Your instructions — Full transcription, minus images: write out the listing below exactly as it appears.

** Provided data follows **

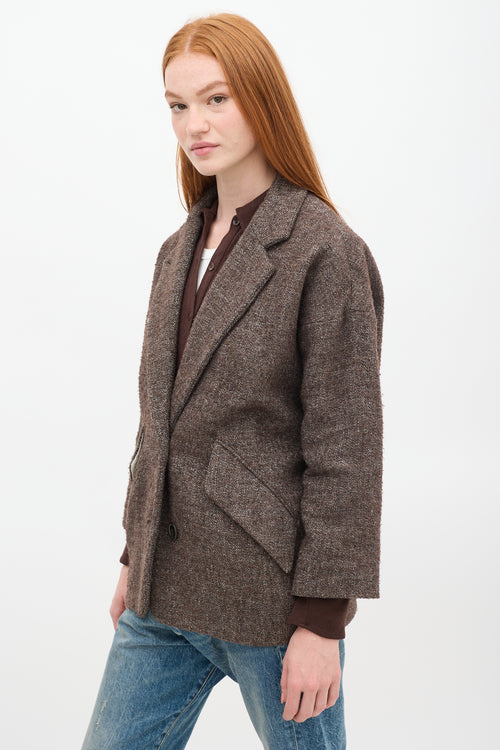 Isabel Marant Étoile Brown & Cream Wool Blazer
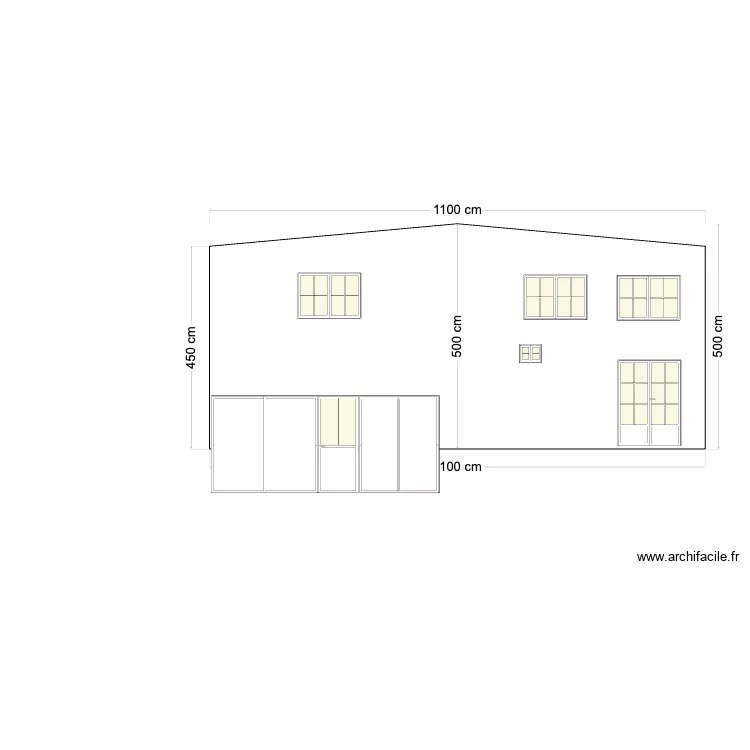 façade actuelle. Plan de façade actuelle. Plan de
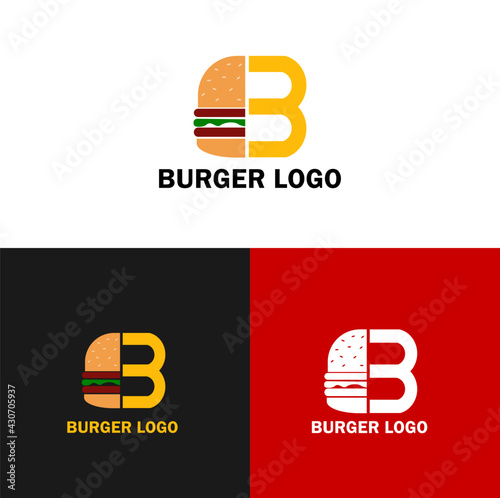 colorful burger logo design. designs for templates.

** End of Provided data **

Response below —
 Isabel Marant Étoile Brown & Cream Wool Blazer
 façade actuelle. Plan de façade actuelle. Plan de
 colorful burger logo design. designs for templates.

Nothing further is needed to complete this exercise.